D’où l’importance de la position de la république
islamique d’Iran, depuis que son fondateur et regretté père spirituel,
l’Imam Khomeyni, a déclaré la Palestine et al-Quds la boussole des
peuples musulmans, ce qui signifie que les conflits entre les musulmans
peuvent être réglés par des accords et des ententes, mais non pas celui
qui existe entre les peuples musulmans et l’entité sioniste. Cette
attitude est non seulement « religieuse » dans le sens étroit du terme
(lutte contre « al-istikbar »), mais civilisationnelle, historique,
géographique et géostratégique. L’entité sioniste est le « mal absolu »

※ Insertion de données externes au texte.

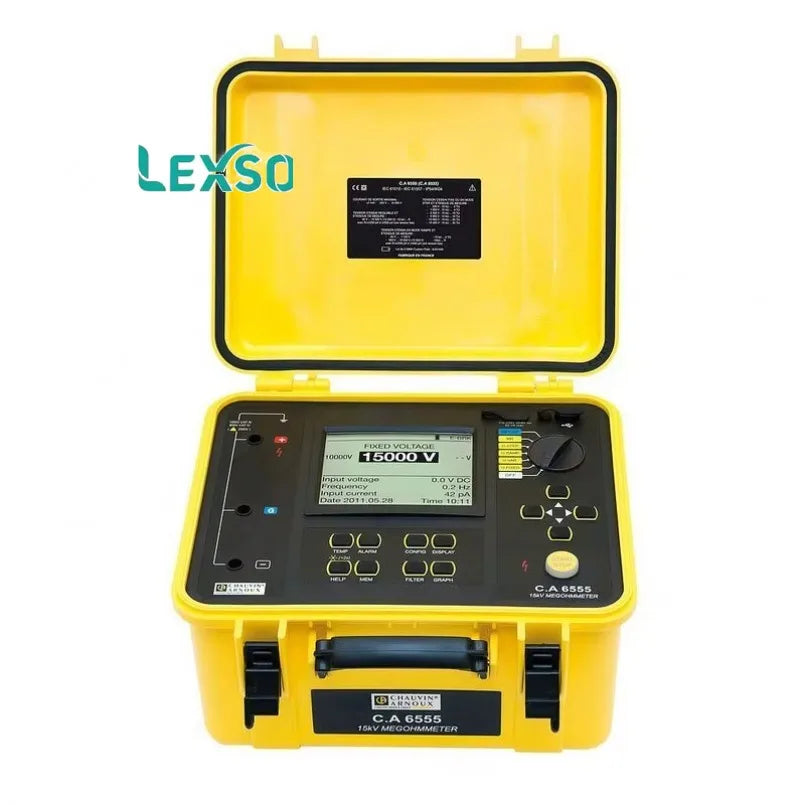 Chauvin Arnoux Ca6555 Insulation Resistance Tester   lexso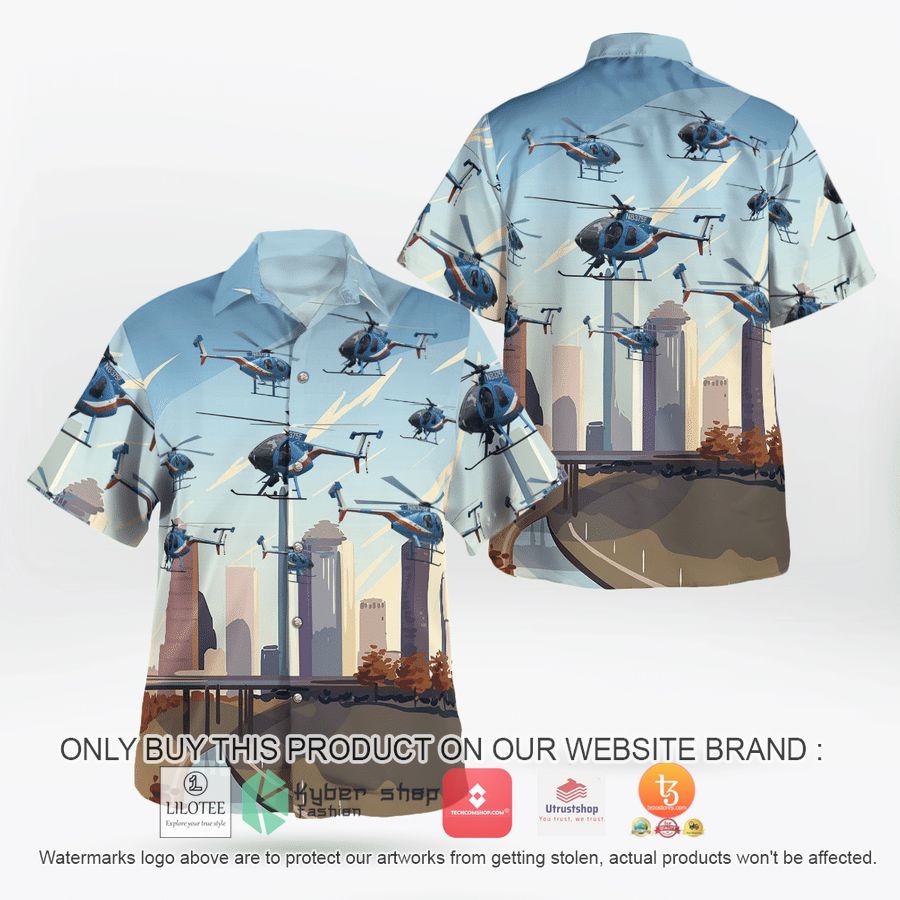 houston police air support 75 fox n8375f hawaiian shirt 1 4702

et les Etats-Unis, « le grand Satan ». Au-delà des slogans qui font rire
certains, l’imam Khomeyni a tracé la position de la nation contre
l’ennemi sioniste et son protecteur, l’impérialisme américain. Ni les
Etats-Unis, ni l’Europe, ni l’ONU ne peuvent aider à « régler le
conflit », au contraire. Concernant la Palestine, l’Iran ne négocie pas
et refuse de le faire dans le cadre des négociations sur le nucléaire,
ce qui a fait dire à certains que l’Iran ne se préoccupe pas de la
Palestine, souhaitant le voir participer au règlement du conflit, en
tant que puissance régionale(!).
Parce que la libération de la Palestine est le devoir de
tous les peuples arabo-musulmans, et que leur unité est nécessaire pour
ce but, ils doivent rejeter toutes les tentatives impérialo-sionistes
de leur désigner comme ennemis des acteurs régionaux connus pour leur
antisionisme profond et radical et qui ont fait leur preuve en
combattant les sionistes, en remportant des victoires contre eux et en
soutenant la résistance palestinienne jusqu’à présent, dans les actes et
non dans les discours, et qui refusent de normaliser toute relation
avec l’ennemi. Comme ils doivent par contre se tourner contre toutes les
tentatives de normalisation des relations avec l’occupant sioniste,
dans les domaines les plus divers, normalisation qui menace déjà le
tissu social et politique de nombreuses sociétés, par le biais des
relations entretenues avec des structures européennes ou américaines.
La mobilisation populaire arabo-musulmane pour la
libération de la Palestine exige de nombreux sacrifices comme elle
réclame un approfondissement de la réflexion et de l’étude, pour essayer
de comprendre justement comment le sionisme et ses alliés
impérialistes, Etats-Unis, Union européenne et autres, tentent non
seulement de nous diviser et de créer des entités territoriales servant
leurs intérêts, mais nous empêchent de concevoir la Palestine faisant
partie de notre nation arabo-musulmane, toute la Palestine, du fleuve
Al-Urdun à la Mediterranée, et qu’il est de notre devoir de la libérer.